Are Open Offices Really The Answer To Happy Employees?

Not only can a company benefit from maximising its space but it can simultaneously minimise costs. Employers and designers across all areas of business had hoped to revitalise a collaborative culture encouraging communication and spontaneous micro meetings amongst staff.

Image Source: Home Designing

Exposure Overload

However, many people now regard this once innovative workspace solution with scepticism. A false sense of productivity breaks through as employees come to believe that they are working for a laid-back and original organisation. In truth though, it seems that this environment means attention spans, productivity and employee satisfaction is damaged.

Employees of the BBC newsroom for example, have a particularly rough time where they not only have to deal with the prying eyes of each other but the 10 million people tuning in to watch the news. Apparently they even have a designated set route when walking to the toilet!

Employees are now faced with distraction overload due to people constantly walking by, the mumbles of distant conversation, & the distraction of those discussing last night’s TV schedule next to you as well as your colleagues questionable music tastes. Not only are employees concerned with what others are doing thank to a lack in both sound and visual privacy but they become conscious others are distracted by their own behaviours. After all you’ve noticed that Joan from accounting has already gone to the bathroom twice this morning and it’s only 11.30am; so it likely they’re clocking your behaviour too.

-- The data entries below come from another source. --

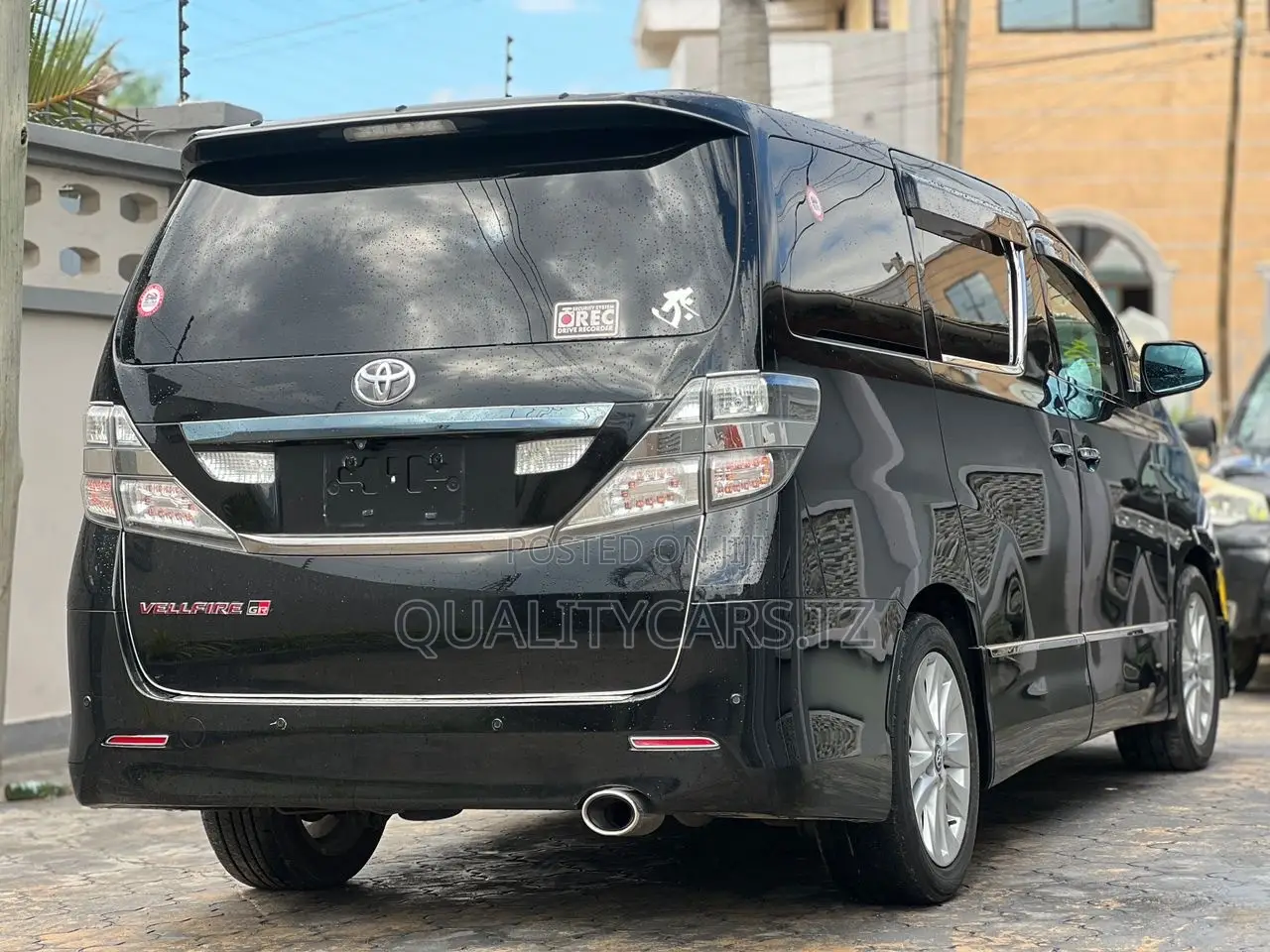 Toyota Vellfire V 2.4 FWD 7-Seater 2009 Black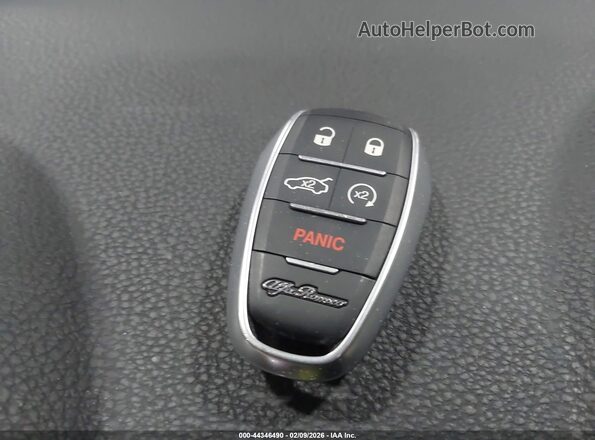 ZASPAKBNXP7D55024 2023 ALFA ROMEO STELVIO Черный Вид панели приборов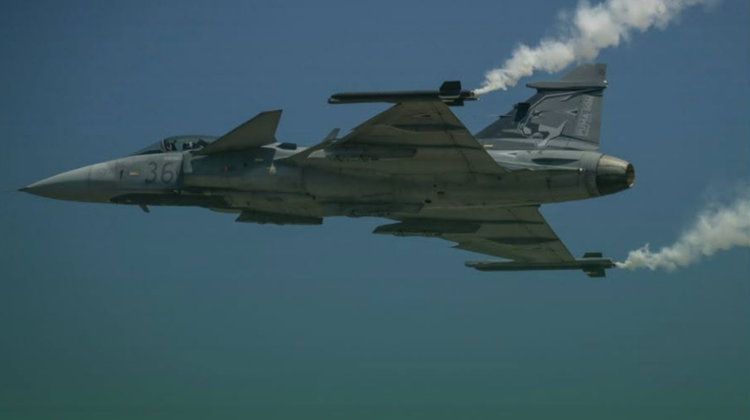 Alertă în spațiul aerian al României: NATO a ridicat de la sol două avioane de luptă
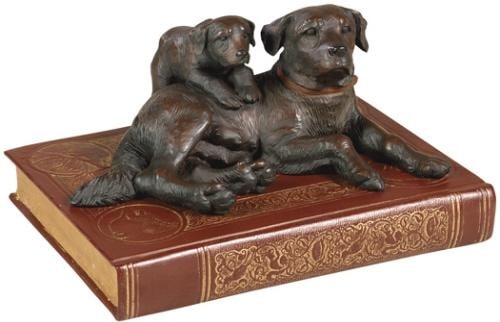 Charming Hand-Cast Labrador Dog Sculpture Lodge Style: Charming Hand-Cast Labrador Dog Sculpture Lodge Style Bring a touch of warmth and charm to your home with this exquisite Decorative Labrador Dog Sculpture. Crafted with meticulous attention to detail,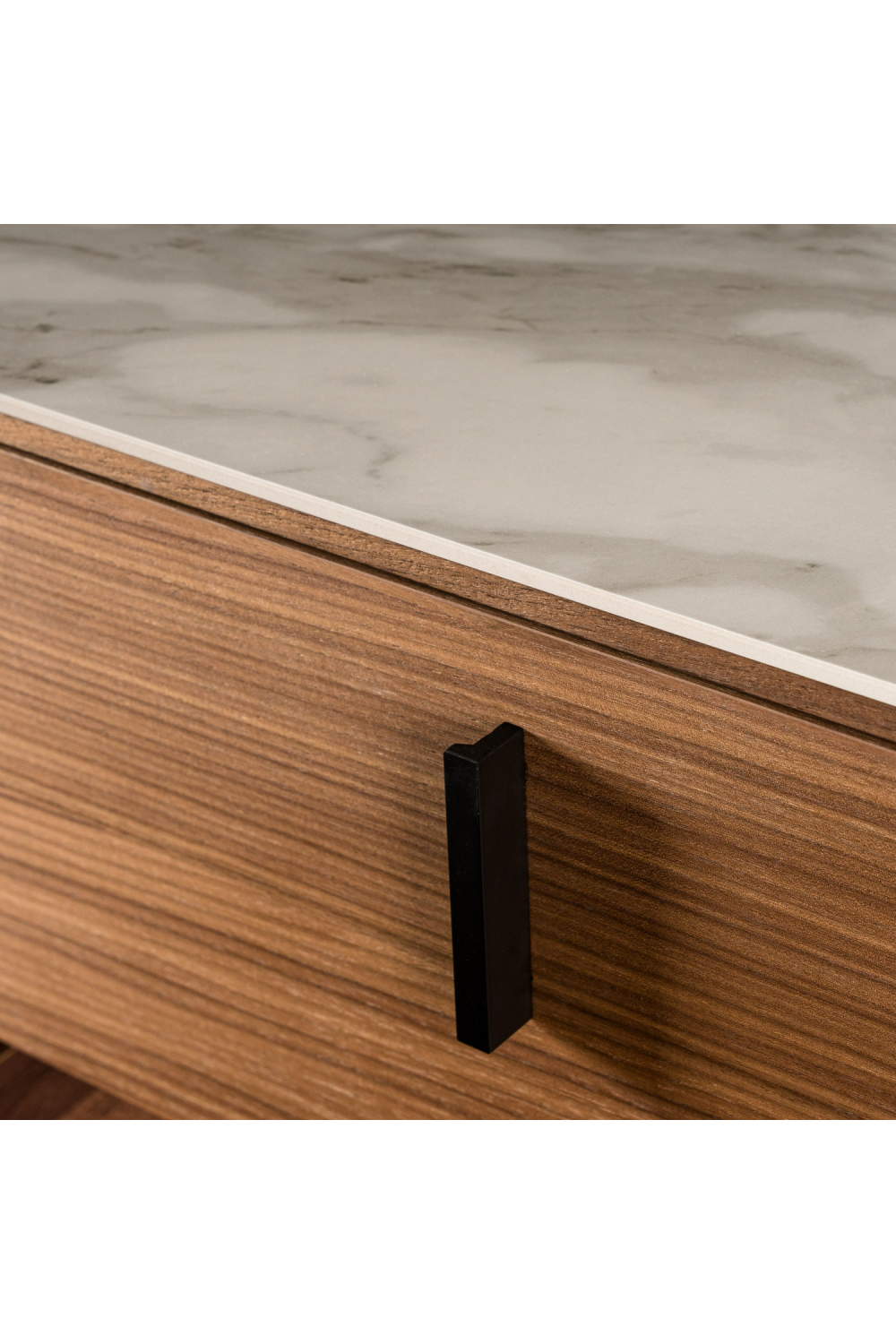 5-Drawer Walnut Chest – Chelton – alternate view 9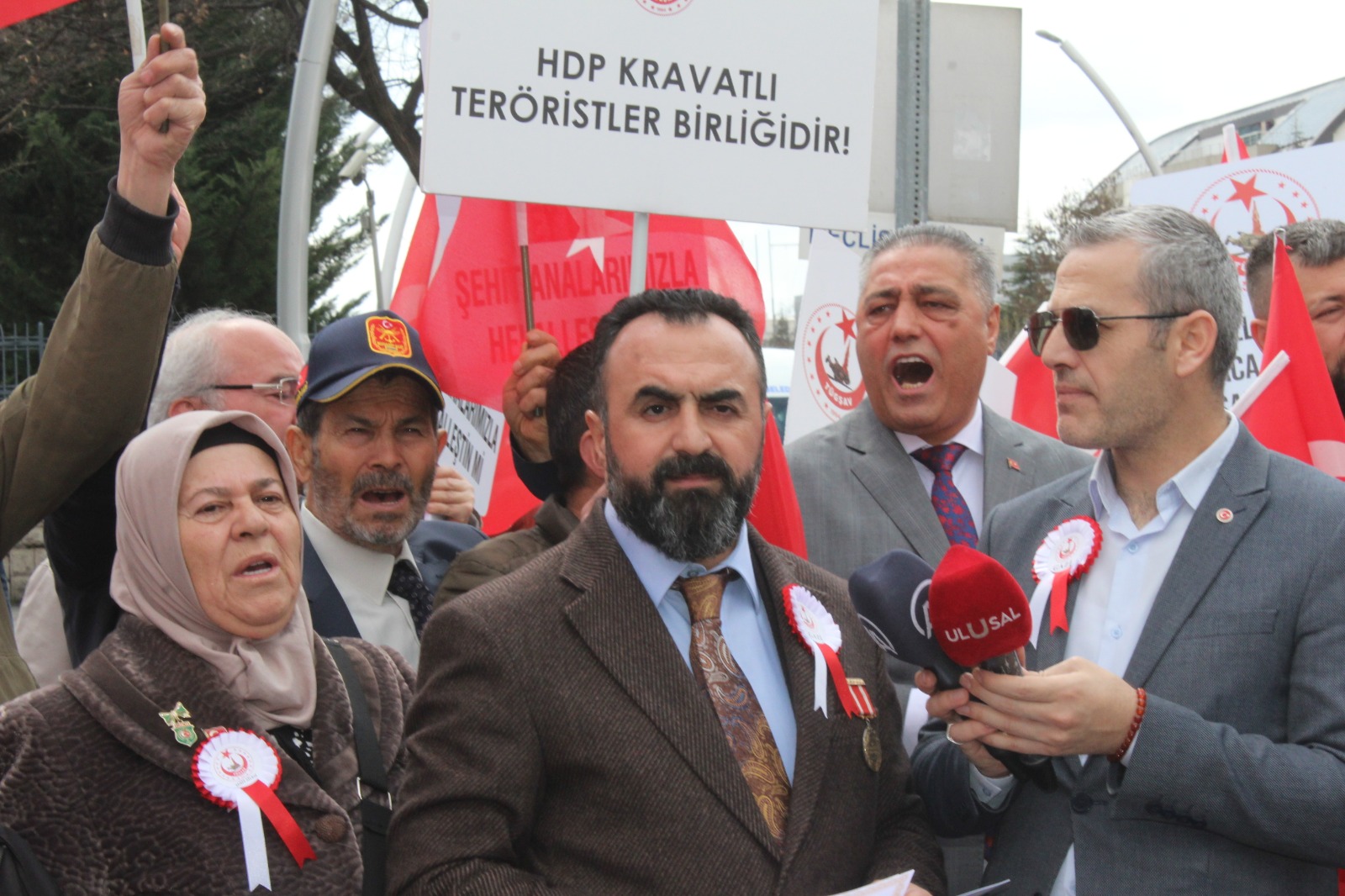 VATANIN ASLİ SAHİPLERİ OLAN ŞEHİT YAKINI VE GAZİLER OLARAK,KOLTUK HIRSI İÇİN VATANIMIZIN TERÖRİSTLERE PEŞKEŞ ÇEKİLMESİNE İZİN VERMEDİK VE VERMEYECEĞİZ...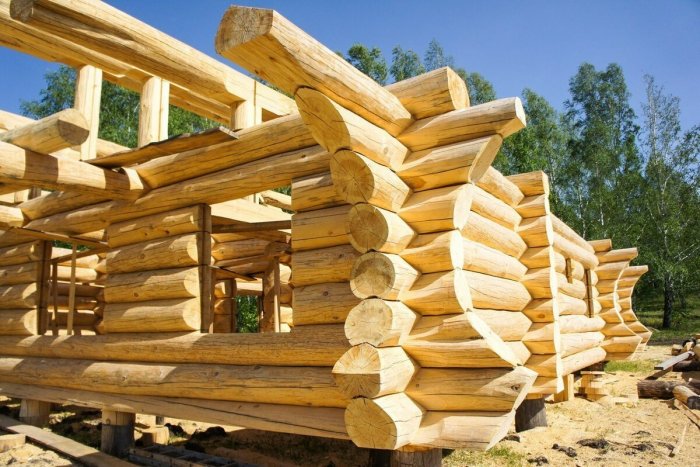Дом из бревна ручной рубки
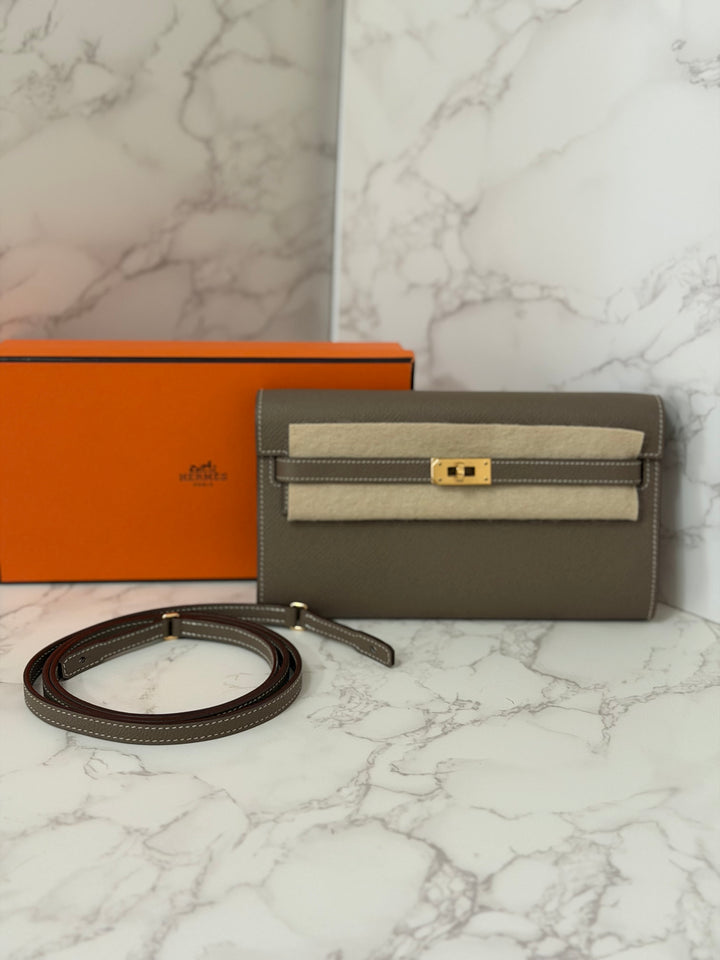 HERMES Kelly To Go Etoupe Epsom Leather GHW stamp B 2023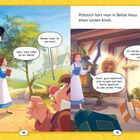 Links: "Belles Vater ist verrückt!" "Nein, mein Vater ist ein Genie!" Rechts: "Ich werde diese Maschine niemals zum Laufen bringen!" "Doch, ganz bestimmt! Und morgen auf dem Markt gewinnst du den ersten Preis!" Zwei Szenen zeigen Personen in einer ländlichen Umgebung und einer Werkstatt.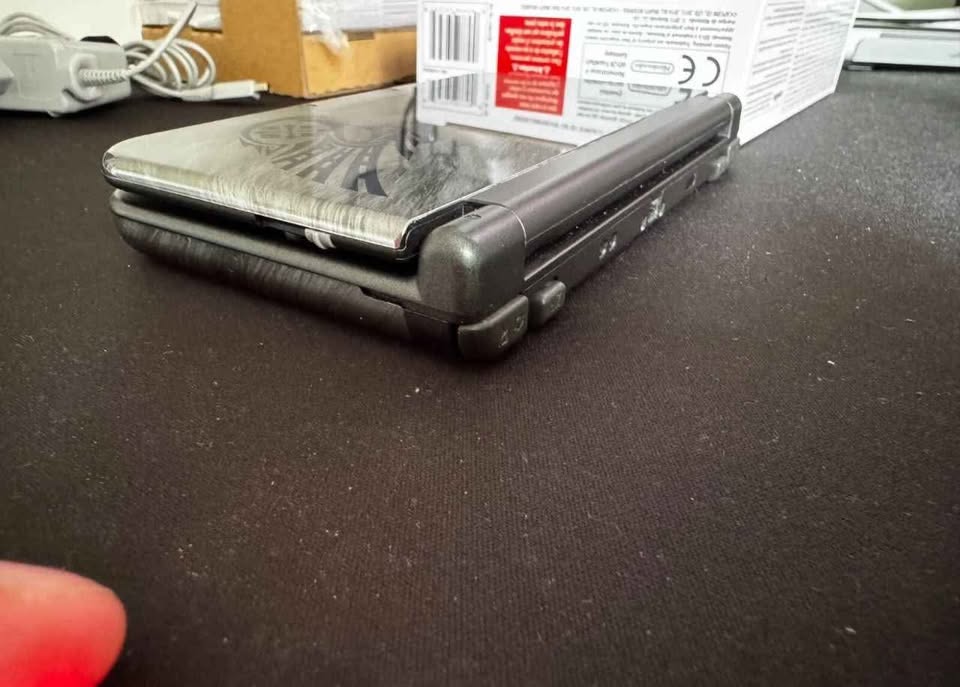 Dark Slate Gray Nintendo 3DS XL Edición Monster Hunter – Coleccionables con magia | Costa Rica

In fact, there are a whole host of concerns popping up with the rise of the open workspace:
• Close proximity means more employees are likely to come down with illness, potentially knocking back more than a handful of staff at any one time.
• Employees in open plan offices often report that they are less than happy with their work performance compared to the days with private spaces. Shouldn’t we be listening to them?
• Constant interaction and overstimulated employees lead to uncontrolled and excessive social interaction compromising focus.
• All of the negative impacts on staff – and there are a few – affects business as productivity is damaged, output can be reduced due to staff illnesses and questions arise concerning confidentiality issues for clients and colleagues.

Finding a Working Balance

If businesses want this to truly work, and it can, we believe measures need to be taken to ensure work efficiency is improved and employees are happy. Private working areas should be available for starters – and we don’t mean glassed walled fishbowls; they don’t really constitute as private in our eyes.

Since personal space is considered by a large majority of employees as one of the most important factors contributing to job satisfaction, employers should endeavour to utilise space with movable and operable walls.

With a clear divide in opinions and preferences why not have the best of both worlds in your working environment?

Take a look at the photos below. The brief for this recently completed project required exactly that; a versatile space enabling both private and communal space. Working with Stephen Maggs from NVB Architects we were able to fit quality moving walls meaning that the potential for private spaces function with the same quality aesthetics and sound reduction as their permanent counterparts.

Each panel can be stored away completely (as you can see) to really maximise the available floor space as well as a number of ways to configure the individual acoustic walls panels to ensure full flexibility on how you can use the space.

Operable Walls Provide Versatile SpaceOptional Private Work Space

More Help and Information

It is clear then that open plan and closed offices come with a series of advantages and disadvantages in the eyes of both employees and employers. However, it couldn’t be easier to have the best of both worlds and utilise any office. For more information and help on the right product give us a call on 01373 454 577 to speak to one of our team of fill in a contact form here.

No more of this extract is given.